QUESTION: But the – but the immediate impact of the temporary pause that was announced on Friday is 300,000?

MR MILLER: Correct.

QUESTION: And then – and, again, you don’t – you don’t know when that might be unfrozen or when the pause might be made permanent?

MR MILLER: So it will depend on the investigation that UNRWA is undertaking, that the United Nations is undertaking, and whatever remedial steps they put into place.

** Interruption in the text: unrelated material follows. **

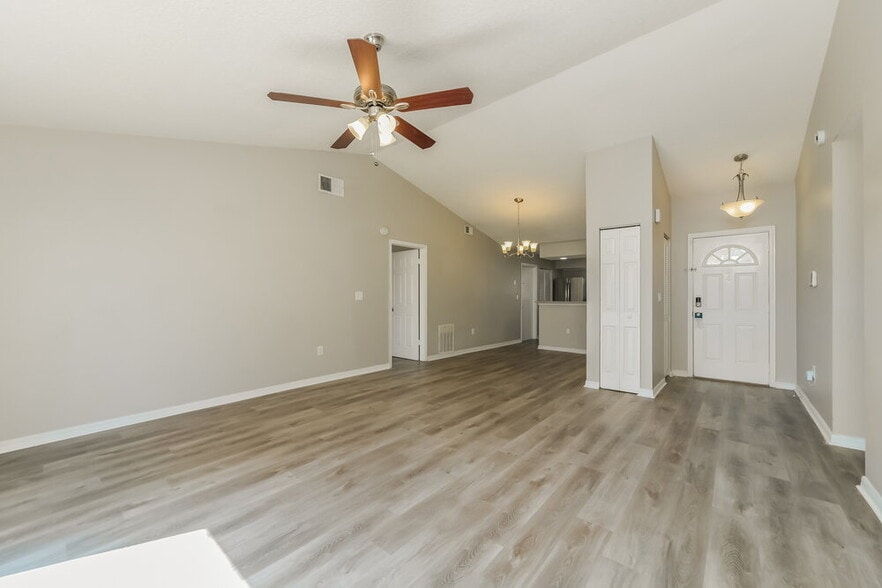 Building Photo - 351 Montgomery Ct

QUESTION: In the meantime, is there any way or is there any option for getting the 300,000 in suspended assistance into Gaza without going through UNRWA?

MR MILLER: No, but —


MR MILLER: — what I would say to that is, first of all, let me just back up and say – and we made this clear in the statement. You heard the Secretary speak to this yesterday. We very much support the work that UNRWA does. We think it’s critical. There is no other humanitarian player in Gaza who can provide food and water and medicine at the scale that UNRWA does. We want to see that work continued, which is why it is so important that the United Nations take this matter seriously, that they investigate it, that there is accountability for anyone who is found to have engaged in wrongdoing, and that they take whatever other measures are appropriate to ensure that this sort of thing cannot happen again.

QUESTION: Okay. And then my second thing, which is a related but not UNRWA, which has to do with this operation that the Israelis launched in Jenin, the hospital today. What – do you have any comment on that? Is this something that you think is problematic or is it something that you look at with envy, like this is some kind of great “Mission: Impossible” mission that we wish that we could also do?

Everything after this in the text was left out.